>>

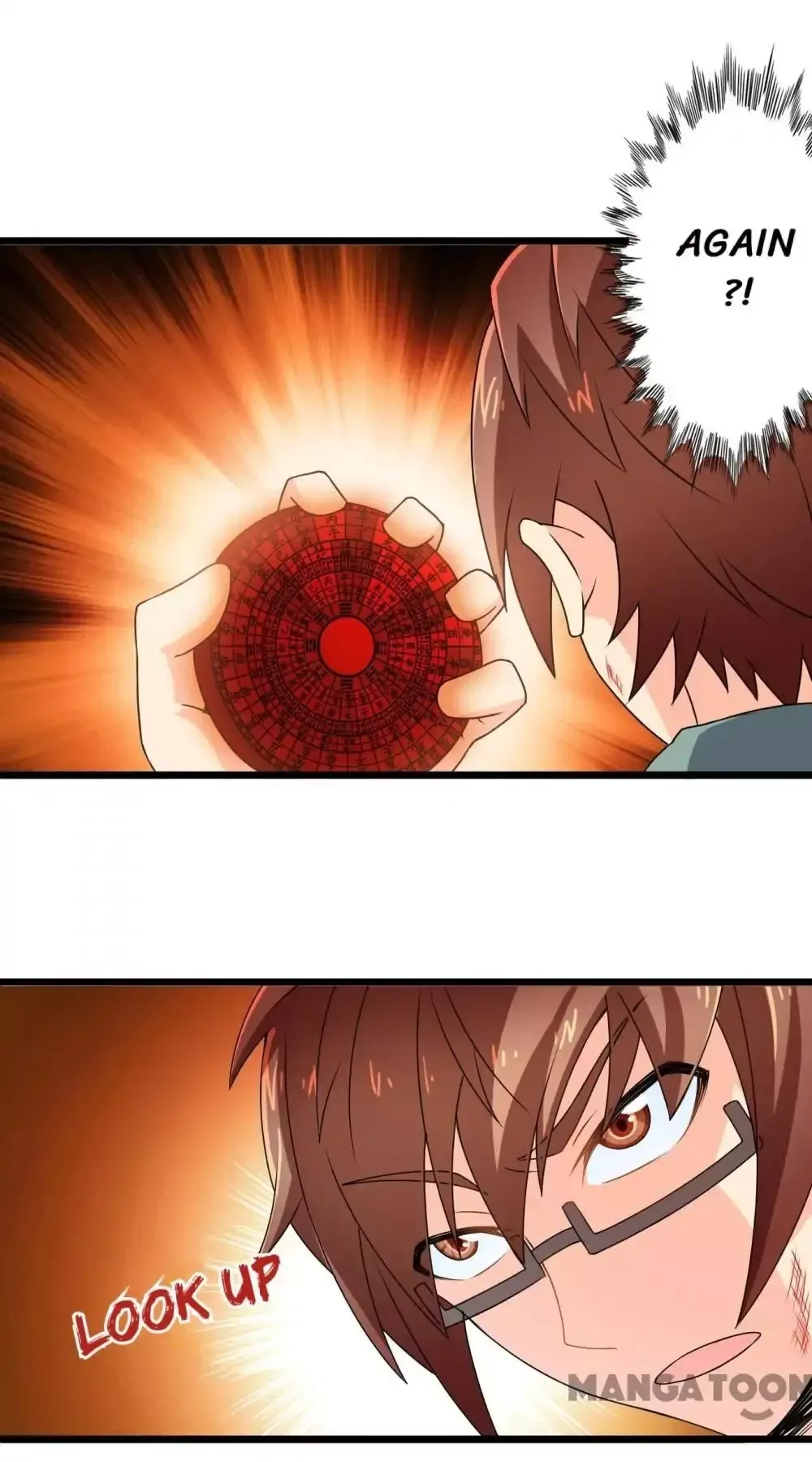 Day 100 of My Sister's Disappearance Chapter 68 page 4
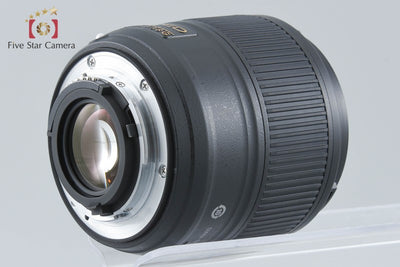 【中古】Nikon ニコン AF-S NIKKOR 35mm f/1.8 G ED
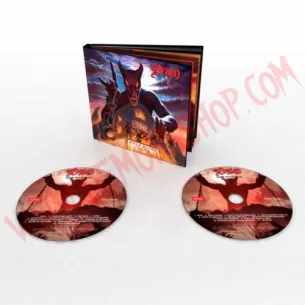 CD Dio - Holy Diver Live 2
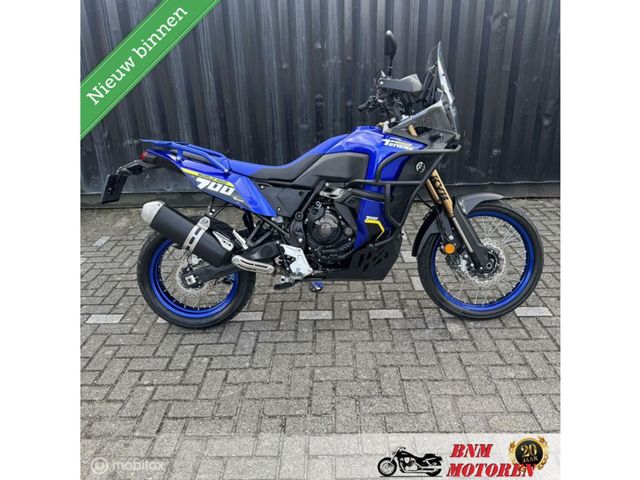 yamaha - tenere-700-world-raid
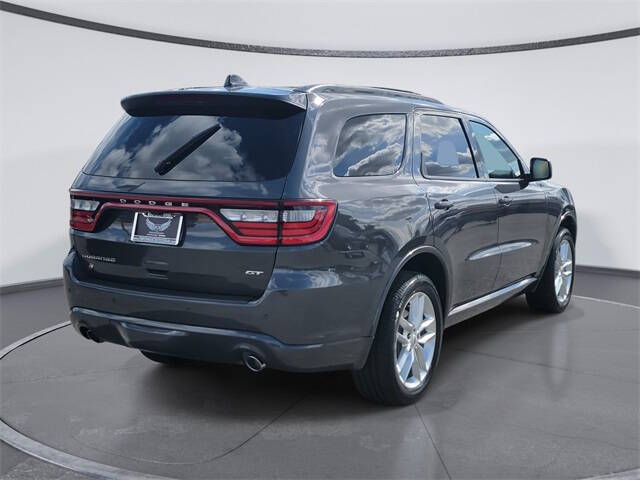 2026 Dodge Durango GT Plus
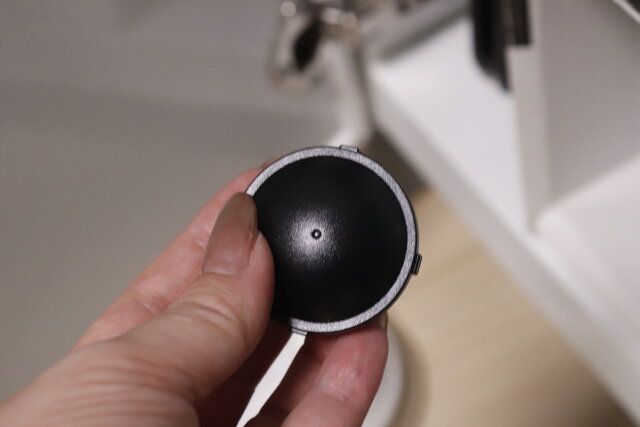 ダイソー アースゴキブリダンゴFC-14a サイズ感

<<

What needs to be done> Pictures should be skipped, and the records retyped word for word.

Answer to the problem>
 Day 100 of My Sister's Disappearance Chapter 68 page 4
 【中古】Nikon ニコン AF-S NIKKOR 35mm f/1.8 G ED
 CD Dio - Holy Diver Live 2
 yamaha - tenere-700-world-raid
 2026 Dodge Durango GT Plus
 ダイソー アースゴキブリダンゴFC-14a サイズ感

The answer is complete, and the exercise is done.